This post is a compilation of my notes on two landmark papers:
- The Lisp paper: McCarthy J, Recursive Functions of Symbolic Expressions and Their Execution by Machine, CACM’60
- Interpreters paper: Reynolds J C, Definitional Interpreters for Higher-Order Programming Languages, ACM’72
1.The Lisp Paper
This paper by John McCarthy introduces the Lisp programming language and describes its implementation on IBM 704 machines. Lisp stands out among the programming languages of its day (eg: Algol 60) as the first high-level programming language that abstracts the underlying machine completely. Instead, Lisp allows symbolic computation by letting programmers define (recursive) functions over symbolic expressions (called S-expressions). An S-expression is either an atomic symbol (hence “symbolic”), or an ordered pair of S-expressions. Reserving an atomic symbol NIL to denote an empty list, we can construct a list of S-expressions:
[s1,s2,s3]
using ordered pairs as:
(s1,(s2,(s3,NIL)))
Observe that above is also an S-Expression. Hence, a list of S-expressions is also an S-expression. Since most functions operate on a list of symbols, programming such functions in Lisp is effectively LISt Programming (hence, the name “Lisp”).
Lisp defines five primitive S-functions to construct & destruct lists, and to check equality among atomic symbols:
- atom
- eq
- car
- cdr
- cons
Lisp, as defined in paper, includes a class of expressions called Meta-expressions (written M-expressions) to let us define and apply S-functions over S-expressions. An M-expression is either
- A function application. For eg, f[2; EMPTY] is an M-expression that denotes application of function f over S-expressions of atomic symbols 2 and EMPTY.

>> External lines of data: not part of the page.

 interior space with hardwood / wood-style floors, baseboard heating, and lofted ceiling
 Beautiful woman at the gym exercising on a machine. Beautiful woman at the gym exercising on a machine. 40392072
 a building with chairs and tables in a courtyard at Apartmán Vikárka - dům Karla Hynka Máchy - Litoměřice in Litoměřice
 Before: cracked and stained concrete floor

- A function definition with grammar: fname[x0, …, xn] = expr, and
- A conditional expression: [expr1a -> expr1b; …; exprna -> exprnb ]
Using M-expressions and primitive S-functions, we can define a subst function to substitute An S-expression (x) for an atomic symbol (y) in another expression (z) as:
subst[x;y;z] = [
atom[z] -> [
eq[z;y] -> x;
T -> z
]
T -> cons [subst[x; y; car[z]];
subst[x; y; cdr[z]]]
]
This example demonstrates that while M-expressions are control structures (functions & conditional expressions), S-expressions represent data to be manipulated by M-expressions.

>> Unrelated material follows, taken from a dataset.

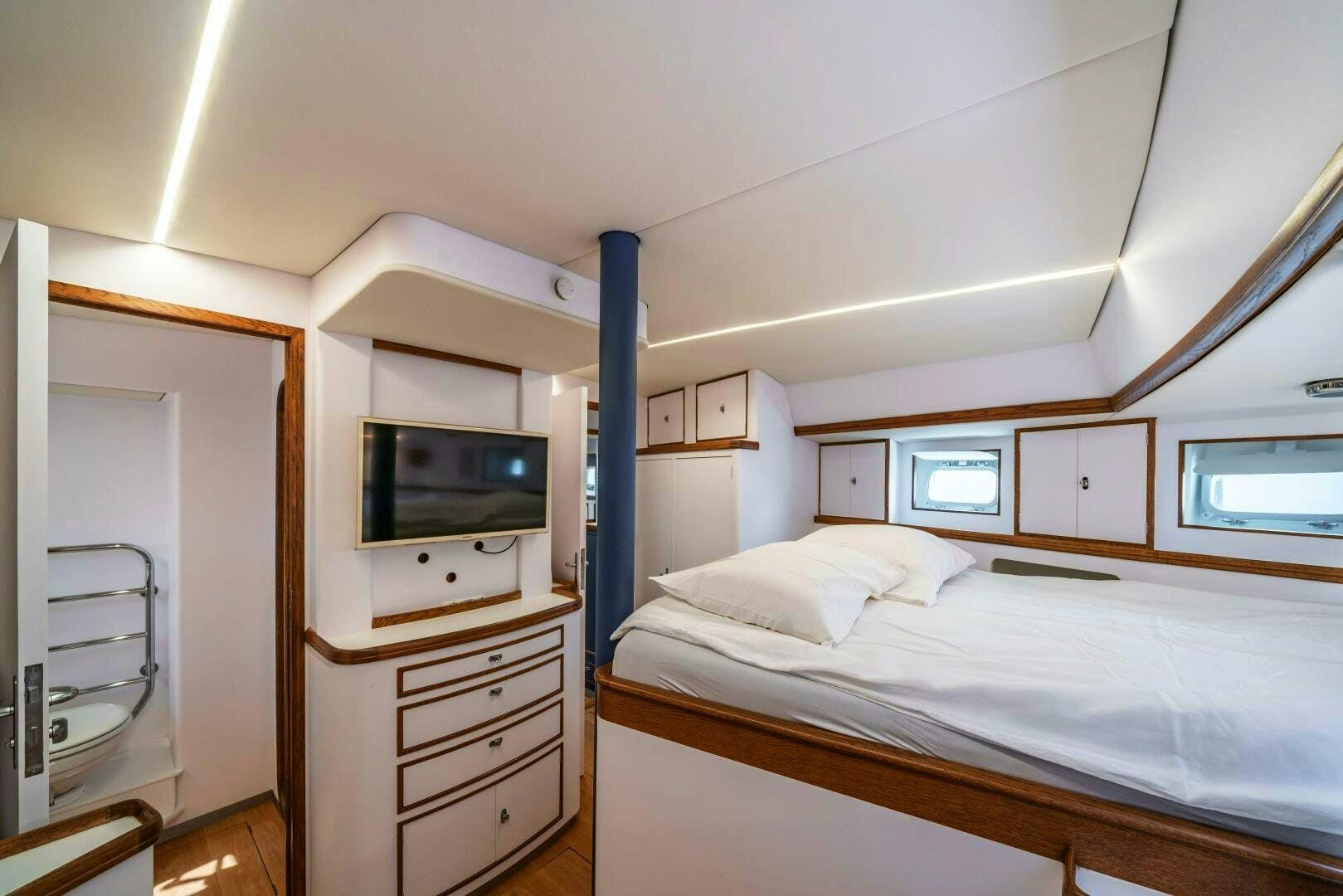 a bedroom with a bed and a television aboard ALTAIR Yacht for Sale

The definition (semantics) of Lisp are given as an interepreter program in Lisp itself. McCarthy’s list interpreter, implemented as mutually recursive eval and apply functions, is often cited as an example of metacircular evaluation - defining the evaluation semantics of embedded language in terms of evaluation semantics of host-language, which happens to be same as embedded languge. Interestingly, McCarthy defines Lisp as a dynamically scoped language (Paul Graham says so, but is it really? Reynolds’s 2nd interpreter, which he says is similar to McCarthy’s, is lexically scoped.).

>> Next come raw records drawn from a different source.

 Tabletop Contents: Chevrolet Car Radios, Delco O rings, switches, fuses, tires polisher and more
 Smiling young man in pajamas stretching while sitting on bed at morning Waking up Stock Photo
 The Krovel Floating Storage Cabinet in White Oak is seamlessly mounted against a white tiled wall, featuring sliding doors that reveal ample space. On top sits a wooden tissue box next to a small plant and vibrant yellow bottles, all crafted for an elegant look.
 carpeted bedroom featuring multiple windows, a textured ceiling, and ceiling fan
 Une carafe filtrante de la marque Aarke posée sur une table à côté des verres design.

In order to use metacircular lisp interpreter to interpret a lisp program, the program first has to be converted to data. In other words, all M-expressions need to be translated to S-expressions (Note: this means that M-expressions are only a syntactic sugar). A simple algorithm to perform the same has been described in the paper. The algorithm converts all function names and their arguments in the user lisp program (which are meta-variables) to atomic symbols. The interpreter (eval function, to be specific) maintains an environment which defines bindings for these atomic symbols. However, note that the original program may also contain atomic symbols, and these symbols have no attached interpretation. To distinguish between atomic symbols that are present in the user program, and atomic symbols that are introduced while convering M-expressions to S-expressions, the former set of atomic symbols are quoted.
As mentioned previously, Lisp is the first language that abstracted the underlying machine completely. In order to be able to do that, the run-time should be able to manage scarce machine resources, such as memory. Towards this end, Lisp introduced automated memory reclamation, which is now commonly known as “Garbage Collection”.
2.Definitional Interpreters Paper
The Lisp paper defines semantics of Lisp using a metacircular interpreter written in Lisp itself. The definitional interpreters paper by Reynolds exposes subtle aspects of such definitional interpreters. In particular, it shows how semantics of the embedded language (called the defined language) can depend on semantics of the host language (called the defining language), such as its treatment of higher-order functions, and the order of function application . To demonstrate this point, the paper first constructs a metacircular interpreter for a higher-order (defined) language in another higher-order (defining) language, by simply translating an expression (eg: function application) in defined language as the corresponding expression in defining language. The paper makes two observations about this interpreter:
- The nature of higher-order functions is not clear.
- The order of application is not explicit; the order of evaluating function applications in defined language depends on whether the defining language is call-by-value or call-by-name.
Subsequently, Reynolds proposes two transformations to make the treatment of higher-order functions, and order of function applications explicit in the semantics of defined language:
- Defunctionalization: A function in defined language is not a function in defining language. Instead, functions and function closures are represented explicitly as data structures (For eg, as S-expressions in Lisp interpreter), and the semantics of a function application is defined explicitly, as a transformation over data. Defunctionalization effectively lets us write a definitional interpreter for a higher-order language in a first-order language.
- CPS transformation: A continuation is a function that explicitly represents “rest of the computation”. At every atomic step of evaluation in a definitional interpreter, if we explicitly describe what “rest of the evaluation” is, then the semantics of defined language no longer depends on order of evaluation of defining language; the order of evaluation is now explicit in the interpreter. This kind of interpreter is said to be written in continuation passing style (CPS).
The paper also describes how imperative features, such as assignments, can be encoded explictly in a definitional interpreter written in applicative style.